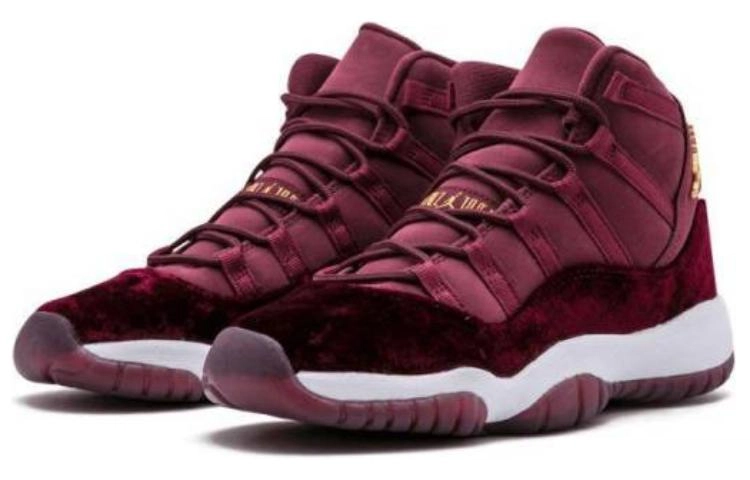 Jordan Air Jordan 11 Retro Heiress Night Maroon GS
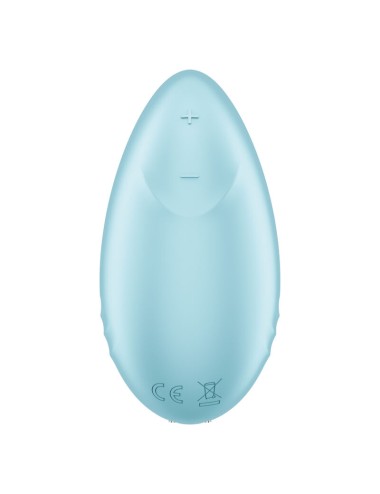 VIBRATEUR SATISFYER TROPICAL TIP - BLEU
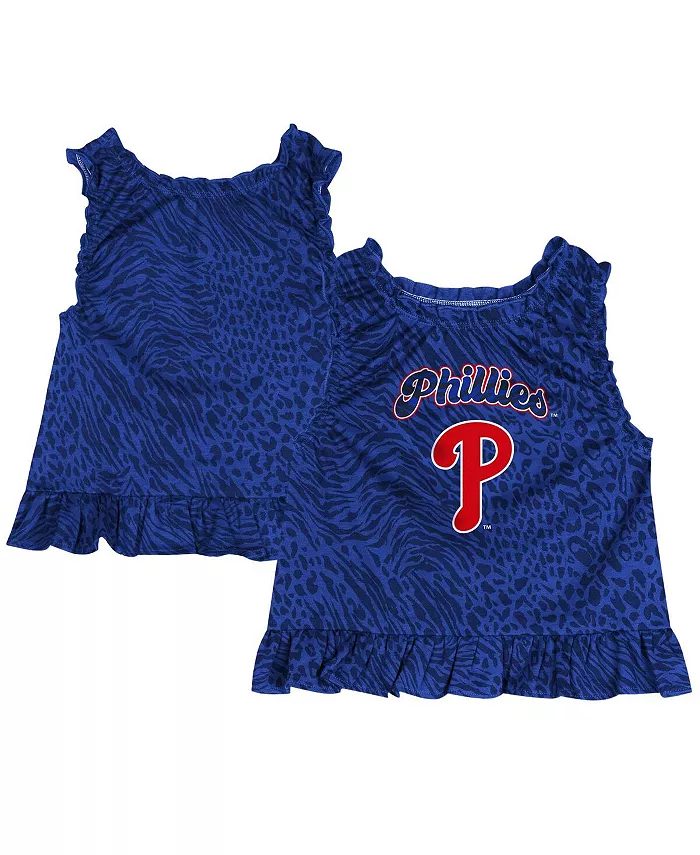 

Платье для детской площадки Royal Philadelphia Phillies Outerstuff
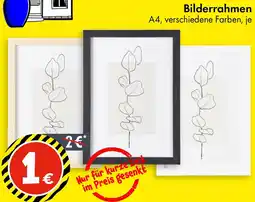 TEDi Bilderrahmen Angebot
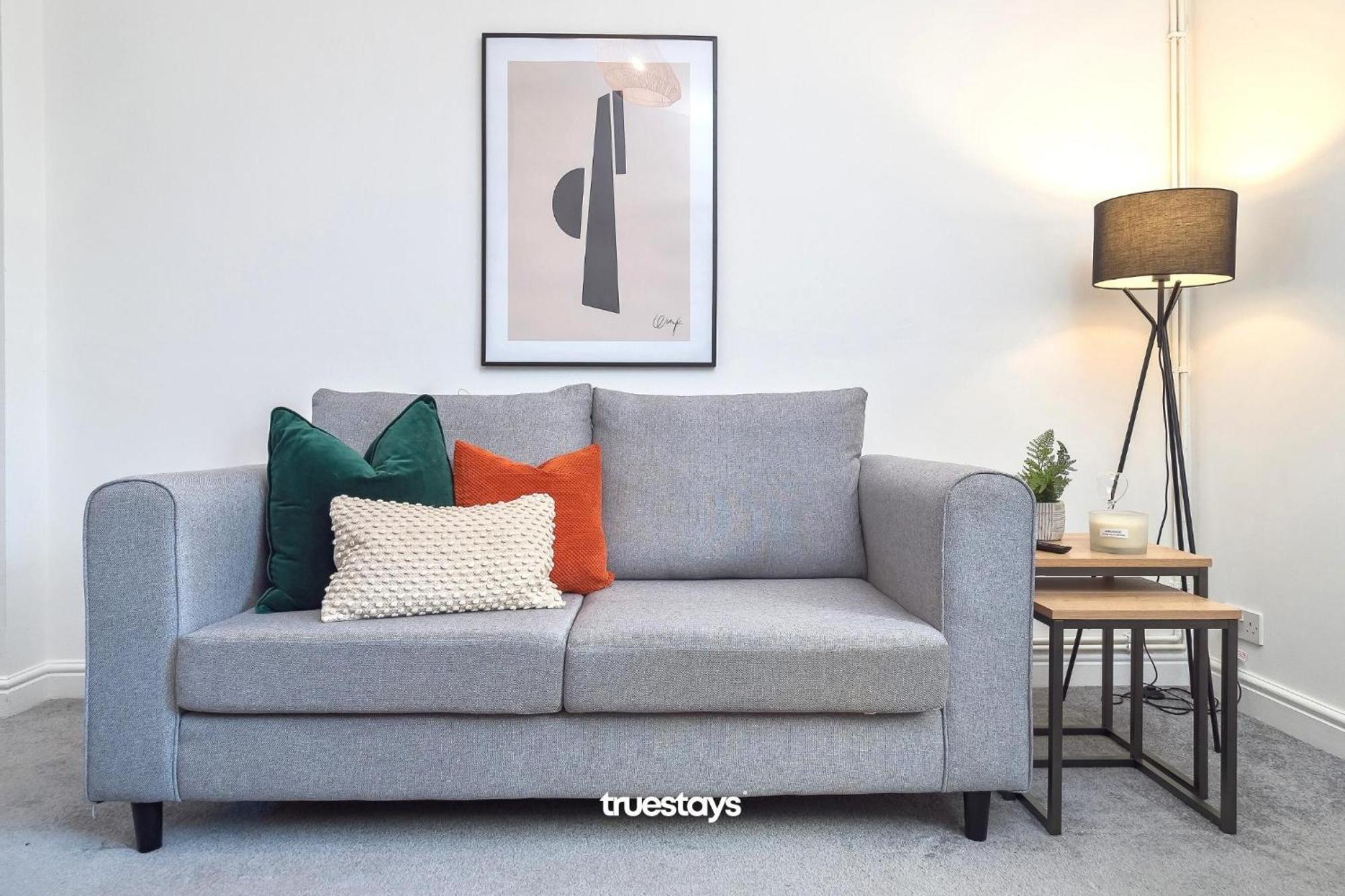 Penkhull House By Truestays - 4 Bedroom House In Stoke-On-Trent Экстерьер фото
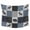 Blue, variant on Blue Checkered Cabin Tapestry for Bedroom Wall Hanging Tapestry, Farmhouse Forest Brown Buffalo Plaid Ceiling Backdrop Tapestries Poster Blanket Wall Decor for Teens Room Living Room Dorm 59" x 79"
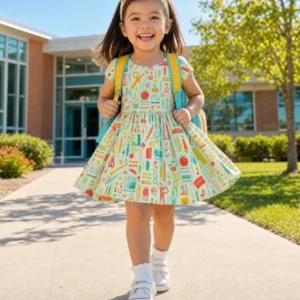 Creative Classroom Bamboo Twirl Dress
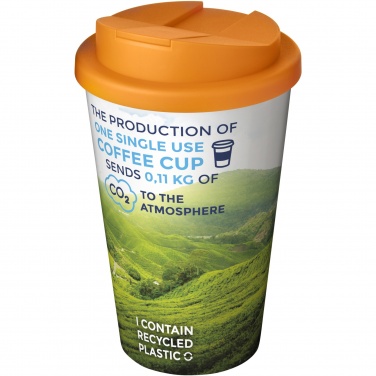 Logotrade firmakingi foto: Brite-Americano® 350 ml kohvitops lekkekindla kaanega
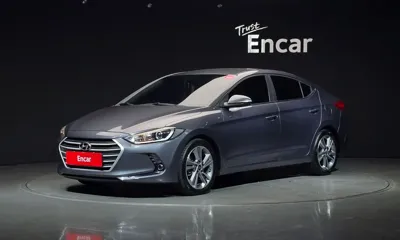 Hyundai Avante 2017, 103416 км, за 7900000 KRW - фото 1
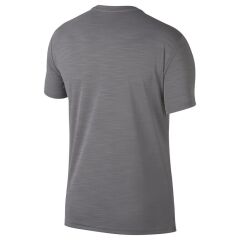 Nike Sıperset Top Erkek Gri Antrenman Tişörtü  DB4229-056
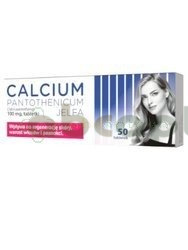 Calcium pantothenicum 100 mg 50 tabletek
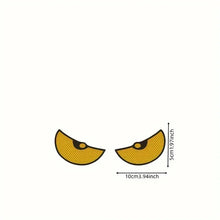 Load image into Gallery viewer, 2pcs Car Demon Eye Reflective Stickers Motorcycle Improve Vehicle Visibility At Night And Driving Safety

» **ABOUT THIS TASK**
The required answer is the lines from the one that contains "Creative Classroom Bamboo Twirl Dress" through the last line of the records, restated word for word, with every picture dropped.

» **RESULT FOR THIS EXERCISE**
 Creative Classroom Bamboo Twirl Dress
 Logotrade firmakingi foto: Brite-Americano® 350 ml kohvitops lekkekindla kaanega
 Hyundai Avante 2017, 103416 км, за 7900000 KRW - фото 1
 Nike Sıperset Top Erkek Gri Antrenman Tişörtü  DB4229-056
 Calcium pantothenicum 100 mg 50 tabletek
 Load image into Gallery viewer, 2pcs Car Demon Eye Reflective Stickers Motorcycle Improve Vehicle Visibility At Night And Driving Safety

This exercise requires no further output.